I can't offer you anything constructive right now, but I have my 7 year old signed up to play in an eight week tour of Tulsa, Oklahoma later this month through US Kids Golf. The "Daddy Caddie" aspect appealed to me too.

post #3 of 6
@triguy67 Sorry your post has gone unanswered until now. There are probably not too many of is that have experience with these tournaments. Have you decided anything yet? The main thing is just have fun with your son and be supportive no matter what.
post #4 of 6

So 5 weeks into our tour, I can now offer this advice.
I can't really speak for ijga, but I can compare US Kids Golf to The First Tee.

US Kids Golf is mostly about golf.
Kids learn the game, and they learn how to win and lose and how to deal with it.
The top 5 receive medals and if their scoring is good enough, they get an invitation to play at the next level.

At The First Tee, golf is secondary.
The kids learn life lessons and how to be good citizens while learning the basics of the game.


When I went to explore The First Tee for my son, I made the mistake of asking what kinds of scores kids in his age group were putting up. I was politely told that scores didn't matter, and that the program focused more on producing good citizens than good players. They also told me that they actively recruit executives from surrounding businesses to teach the kids both about golf, and about what they will need to succeed in their careers. It's a very impressive program!

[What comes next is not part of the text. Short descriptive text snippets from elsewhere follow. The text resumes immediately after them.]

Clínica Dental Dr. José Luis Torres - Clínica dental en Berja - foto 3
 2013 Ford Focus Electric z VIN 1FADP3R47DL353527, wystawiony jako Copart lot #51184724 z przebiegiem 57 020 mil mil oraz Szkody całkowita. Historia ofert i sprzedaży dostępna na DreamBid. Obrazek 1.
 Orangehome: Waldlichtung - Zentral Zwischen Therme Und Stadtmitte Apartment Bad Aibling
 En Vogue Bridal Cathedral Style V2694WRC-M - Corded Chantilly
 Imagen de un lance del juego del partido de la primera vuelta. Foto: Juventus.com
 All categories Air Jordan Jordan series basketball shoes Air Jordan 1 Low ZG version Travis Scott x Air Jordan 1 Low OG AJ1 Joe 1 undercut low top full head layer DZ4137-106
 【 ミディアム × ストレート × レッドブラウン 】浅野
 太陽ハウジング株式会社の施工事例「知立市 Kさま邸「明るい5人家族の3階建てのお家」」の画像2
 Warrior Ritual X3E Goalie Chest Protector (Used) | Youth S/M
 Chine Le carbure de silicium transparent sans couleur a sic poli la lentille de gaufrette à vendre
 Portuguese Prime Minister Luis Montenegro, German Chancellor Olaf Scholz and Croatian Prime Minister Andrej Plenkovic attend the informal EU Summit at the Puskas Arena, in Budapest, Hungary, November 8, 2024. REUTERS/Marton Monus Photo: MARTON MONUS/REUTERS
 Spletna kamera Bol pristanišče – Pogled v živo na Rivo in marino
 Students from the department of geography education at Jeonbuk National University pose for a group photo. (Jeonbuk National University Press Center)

While this is a fantastic program, I quickly learned that my son was too far advanced for it. At this point, he would probably lose interest if I made him sit in a classroom and learn things like making eye contact while shaking hands. He was already putting up scores that were getting him consistent third place finishes in his US Kids division, but he was getting frustrated and wanted better scores. 

In my opinion, it's all about the kid's competitive nature. If your kid has that desire to compete and win, US Kids is the way to go. If your kid just wants to play a game while being social, The First Tee can't be beat.

For us, I found my son a USGA certified golf instructor that had time to teach him twice a week and build his game in US kids.
My daughter, on the other hand, will be joining The First Tee next season. She's far less competitive and enjoys the social aspect more.

I hope this helps. Keep those kids playing!
D,C.

post #5 of 6

I have a 14 year old boy in his second year with US Kids in the North Texas area.

 

Speaking for the boys 12 - 14 year olds, competition is generally tough. Lot of good players playing on US Kids tournaments.

But it can vary from tournament to tournament.

.

Generally speaking, shooting in the mid to low 80s  will give you a chance at third place.

Although we have been to few tournament where the first, second and third  place finishers shot in the 70s. But, we've also been to couple of tournaments where the top three players finished in the 80's and 90's.

 

My opinion is to wait until the child is at least 10 before playing in organized tournaments....that's just me.

post #6 of 6
Quote:
Originally Posted by BallMarker View Post

 

 

My opinion is to wait until the child is at least 10 before playing in organized tournaments....that's just me.


That's been the opinion of my son's golf coach too.
He's not happy that my son plays in tournaments because he says they (the kids) get into the "put the ball in the hole at all costs" mindset and they are not receptive to learning new things.

It's a tough call. I think if you wait until they're 10, they're already so far behind that unless they're exceptional, they're going to struggle. On the other hand, kids who start out in a learning mindset probably end up better golfers over all.